I am using Pyspark 3.2 and have used the following code to install the dependencies. However, it doesn't work and I keep getting the following:

CODE:

spark = (SparkSession.builder
.appName("NewApp")
.master("local[3]")
.config("spark.jars.packages","org.apache.hadoop:hadoop-azure:3.3.1,com.microsoft.azure:spark-cdm-connector:0.19.0")
.config("fs.azure.account.auth.type.abfswales1.dfs.core.windows.net","SharedKey")
.config("fs.azure.account.key..dfs.core.windows.net","SharedKeyFromAzurePortal")
.getOrCreate())

readDf = (spark.read.format("com.microsoft.cdm")
.option("storage", storageAccountName)
.option("manifestPath", "Dataverse-storage" + "/model.json")
.option("entity", "account")
.load())

and I am getting the following error:

Py4JJavaError: An error occurred while calling o59.load.
: java.lang.NoClassDefFoundError: org/apache/spark/sql/sources/v2/ReadSupport
at java.lang.ClassLoader.defineClass1(Native Method)
at java.lang.ClassLoader.defineClass(ClassLoader.java:756)
at java.security.SecureClassLoader.defineClass(SecureClassLoader.java:142)
at java.net.URLClassLoader.defineClass(URLClassLoader.java:473)
at java.net.URLClassLoader.access$100(URLClassLoader.java:74)
at java.net.URLClassLoader$1.run(URLClassLoader.java:369)
at java.net.URLClassLoader$1.run(URLClassLoader.java:363)
at java.security.AccessController.doPrivileged(Native Method)
at java.net.URLClassLoader.findClass(URLClassLoader.java:362)
at java.lang.ClassLoader.loadClass(ClassLoader.java:418)
at java.lang.ClassLoader.loadClass(ClassLoader.java:351)

Hi @RedwanAlkurdi. Are you using the connector on Azure Synapse or Azure Databricks?

Hi @srichetar. Nope, I am using an on-prem dev environment.

The code is open-sourced and works with spark3. Can you try to build it locally and use the jar then?

Sure, I’ll try it out and let you know

@srichetar

well, it worked after I built it. However, it doesn't work with an on-prem dev environment, which is quite strange actually, because read-only does not have any effect on the managed identities. Moreover, it is reading from the snapshots anyway, which will not interfere with any Dataverse dataflows/links.

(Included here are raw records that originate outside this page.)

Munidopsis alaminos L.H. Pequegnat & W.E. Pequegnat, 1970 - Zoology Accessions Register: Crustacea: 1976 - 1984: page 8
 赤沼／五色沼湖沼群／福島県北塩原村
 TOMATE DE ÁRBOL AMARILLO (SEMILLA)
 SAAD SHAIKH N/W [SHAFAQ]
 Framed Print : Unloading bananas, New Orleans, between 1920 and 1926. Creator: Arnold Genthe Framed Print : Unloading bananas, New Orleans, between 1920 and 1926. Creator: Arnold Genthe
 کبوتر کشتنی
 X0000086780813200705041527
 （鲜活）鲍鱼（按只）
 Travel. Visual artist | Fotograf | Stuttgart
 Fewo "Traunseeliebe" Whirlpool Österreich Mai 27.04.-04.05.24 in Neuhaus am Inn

Py4JJavaError: An error occurred while calling o60.load.
: java.lang.Exception: Managed identities only supported on Synapse or Databricks
at com.microsoft.cdm.utils.CDMOptions.(CDMOptions.scala:49)
at com.microsoft.cdm.CDMIdentifier.(CDMIdentifier.scala:10)

is there anyway to change this behaviour?, because it seems internal to the connector

Please use credential based authentication to work with on-prem dev environment.

Yeah, I figured that out, just forgot to close it, closing the issue now. Thank you :)